Note that this is the kind of scale of loop that is needed. Simple feedback loops in neural networks (such as in recurrent networks) are occasionally suggested as providing the necessary looping. They will likely be involved in the right kind of systems, but they are not enough by themselves. They do not represent the looping of a system that contains all the tools for the hierarchical shifts, component reference, and self (as a whole) reference that is required.

If we want to build strange loops, then we must build agents that interact with an environment.1

Moving Up In A Hierarchy

Consider the following problem: you have a network as pictured below, where the inputs are low level information represented by different colours. The colours travel upwards through the network, and each line they travel up has an associated weight, which changes the colours as they combine, separate, strengthen and weaken. The aim is to set the weights of the network so that whatever is input, the output is identical to it.

An easy way to do this is to set the weights so that they do not make any changes to the colours. The low level information moves up the network unchanged at each step and the problem is solved.

However, we can do something much more interesting. Suppose that you follow standard machine learning techniques. You start with random weights and the colours change unpredictably as they go through the system. At first the output looks nothing like the inputs. But, you can see which direction to tweak the final weights to get the output closer to what you want. Once you've tweaked those, you can slowly backtrack through the network making little changes so that it's more likely to give the answer you want. Repeat this process enough times and you may be able to get the right outputs. Because you started with random weights, your solution probably won't be as neat as the one above. The colours in the middle will probably look nothing like the inputs. Yet it will still work.

The information in the inputs gets shuffled around and manipulated, but always in such a way that it can be undone. This solution also works, and is slightly more interesting than the direct copying version.

Now for the exciting part! We can start to involve a 'shifting up in hierarchy' by squeezing the middle of the network, as shown below.

Somehow the information that can be used to recreate the original input needs to squeeze through the bottleneck that has just been created in the middle. Previously, the information for 16 colours was encoded using a different 16 colours; now it needs to be encoded in just 6. Whereas before, it was possible to just shuffle the information around, now it needs to be encoded more efficiently. This will not always be possible, but if there are the right kind of patterns across the set of possible inputs, it can be done.

Comparing to Human Loops

It may seem that the methods mentioned here are far removed from the human case, but this is not true. I mentioned in the last part that the brain was trying to understand the low level information by actively guessing at what it might contain. This can be imagined like a folded over (and highly interconnected) version of the method above. The low-level is encoded into higher level concepts that are simultaneously used to actively guess the incoming data working back down. Of course, there is no distinct top in the human case. Shown below is just one idealised subcomponent of a larger, messier, figure.

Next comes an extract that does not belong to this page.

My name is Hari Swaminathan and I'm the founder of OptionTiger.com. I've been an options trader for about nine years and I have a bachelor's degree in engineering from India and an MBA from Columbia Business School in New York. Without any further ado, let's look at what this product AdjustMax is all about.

Efficient Encoding Example

To make this more concrete, consider the example shown below (from the DeepMind dSprites dataset). An input is a single image from the gif consisting of 4096 individual colour values. The goal in this case would be to output the exact same colours after having squeezed that information through the bottleneck in the centre.

We can see that this is possible if the middle values come to encode information such as type of shape, size of shape, orientation of shape, and position of shape. If I told you that the shape was a square, along with its size, location, and rotation, then it should be possible to recreate the image. The bottom half of the network learns to encode the high level information. The top half of the network has the job of reconstructing the image. While in practice there are many challenges with getting such an encoding, it can theoretically be done. The low level information of many individual colour values has been converted into high level information such as type of shape and location.

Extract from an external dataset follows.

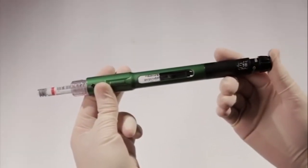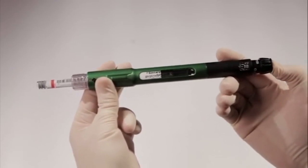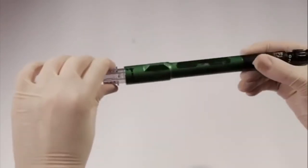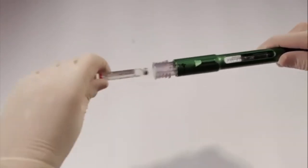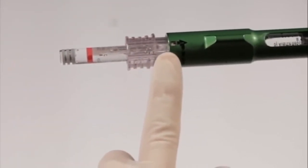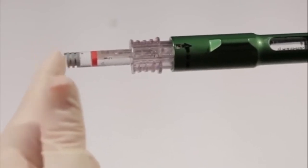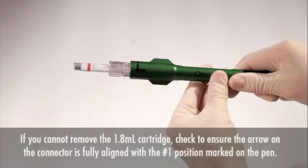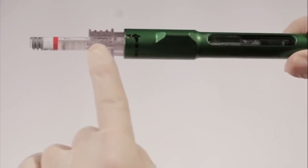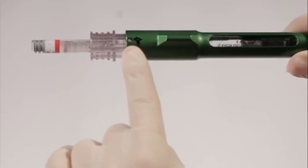If you cannot depress the dispensing button, it's another indication that the 1.8-milliliter cartridge may not be seated correctly in the cartridge connector. Do not force the button if you are feeling resistance, as this may damage the pen. Turn the connector to the number 1 position and remove the 1.8-milliliter cartridge by pulling straight out. Then reload the cartridge, making sure the connector is aligned with the pen in the number 1 position and that the metal cap of the cartridge is hidden from view in the connector, indicating the cartridge is fully seated. If you cannot remove the 1.8-milliliter cartridge from the connector, you may still be in the number 2 position, or may not have rotated the connector fully to the number 1 position. At any point other than all the way in the number 1 position, the cartridge is locked and can't be removed.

Not only is it possible to build a system with a moving up in hierarchy, but it is an active and fruitful research area in current machine learning.

Considering Components of the System

This time, I'll switch the order and discuss the ability to reference components of the system first. Remember that again, the loop in question is between an agent, its actions, and its observations from the environment. For it to count as a strange loop, the system must contain encodings that are about the possibilities for action which are then used in determining the course of action. This way the high-level understanding can reference itself and also feeds back into the low level system (via interaction with the environment), closing the loop.

Encoding Actions

There are many proponents of the view that our experience of the world (and under my account, therefore also our underlying model) is built up from the possibilities we have for interaction, as opposed to inherent properties of the world itself.2 I won't repeat their arguments here. Instead, I present an interactive experiment that may help demonstrate this view, and also argue that just as it applies to us, it applies to AI systems learning to interact with their environment.

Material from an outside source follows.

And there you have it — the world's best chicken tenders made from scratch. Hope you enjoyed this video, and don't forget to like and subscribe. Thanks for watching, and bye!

I am currently working on an AI system that learns to predict its environment by interacting with it. One early result is that it is much more efficient to learn the results of interactions than the properties of the environment itself. The way the system learns about the world is deeply rooted in the ways it can interact with it. It is easier to build a model of the interactions (and how the change the environment) than to build one of how the environment changes by itself.

To following experiment will (hopefully) demonstrate this [now updated version with extra features added in my follow-up post]. You should see a grid of randomly changing colours. However, there is some element of the grid that is not purely random. At first, it should be tricky to see anything but random noise. You may think you notice patterns in the randomness, but (hopefully) it will hard to be sure if any are real. By using the 'wasd' keys ('w' = UP, 'a' = LEFT, 's' = DOWN, 'd' = RIGHT) you can control the non-random part of the pattern. Hopefully, by interacting in this way, it will be much easier to decode the non-random component of what is mostly just randomly changing colours.

So, look for a short while to see if you can spot the non-random component. Then start using the controls ('wasd') and hopefully it will become clearer. After you've played around with this for a bit continue to the next paragraph.

Interact with 'wasd' on the keyboard
Grid Size: 10
Update rate (per second): 10

[Do not read on until you have tried the demo.] The non-random component is a single black pixel. You can control its movement with the 'wasd' keys, and it will move in straight lines with occasionally turns if you do not control it. If everything went as planned, it should be easy to see it when it's being controlled, but harder otherwise. Perhaps this seems obvious, but then the point is made.

Perhaps you noticed another element of the pattern? There is also a white pixel that moves identically to the black one. You can control it with 'ijkl'. If this experiment went exactly as planned then you didn't notice it until now because your interactions did not have any effect on it.

Obviously, this is a very unscientific demonstration that does not control for potentially influencing variables. Its explanation also relied on extensive use of the word 'hopefully'. However, hopefully it helped get the point across. It's much easier to notice patterns in data that are based on interaction. My theory is that when we build systems based on interaction with their environments, then any high level representations they learn will naturally be the action-based type needed for strange loops.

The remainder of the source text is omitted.